* _Exercise goal_
Output only the lines from the one holding "Innovative Smart Furniture: Wireless" to the end of the data below, please, copied exactly.

Entries taken from a collection
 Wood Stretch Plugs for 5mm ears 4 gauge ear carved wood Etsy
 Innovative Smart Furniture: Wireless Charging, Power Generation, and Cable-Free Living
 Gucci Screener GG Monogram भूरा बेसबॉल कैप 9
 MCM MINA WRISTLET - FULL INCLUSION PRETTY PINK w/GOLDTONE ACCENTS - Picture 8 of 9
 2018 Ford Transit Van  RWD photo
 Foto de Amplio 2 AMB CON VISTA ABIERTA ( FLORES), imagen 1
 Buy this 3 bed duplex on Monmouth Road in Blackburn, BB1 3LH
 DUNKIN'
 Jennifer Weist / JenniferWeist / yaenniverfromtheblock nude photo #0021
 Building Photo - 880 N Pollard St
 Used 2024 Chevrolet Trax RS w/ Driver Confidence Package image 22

* _Final answer_
 Innovative Smart Furniture: Wireless Charging, Power Generation, and Cable-Free Living
 Gucci Screener GG Monogram भूरा बेसबॉल कैप 9
 MCM MINA WRISTLET - FULL INCLUSION PRETTY PINK w/GOLDTONE ACCENTS - Picture 8 of 9
 2018 Ford Transit Van  RWD photo
 Foto de Amplio 2 AMB CON VISTA ABIERTA ( FLORES), imagen 1
 Buy this 3 bed duplex on Monmouth Road in Blackburn, BB1 3LH
 DUNKIN'
 Jennifer Weist / JenniferWeist / yaenniverfromtheblock nude photo #0021
 Building Photo - 880 N Pollard St
 Used 2024 Chevrolet Trax RS w/ Driver Confidence Package image 22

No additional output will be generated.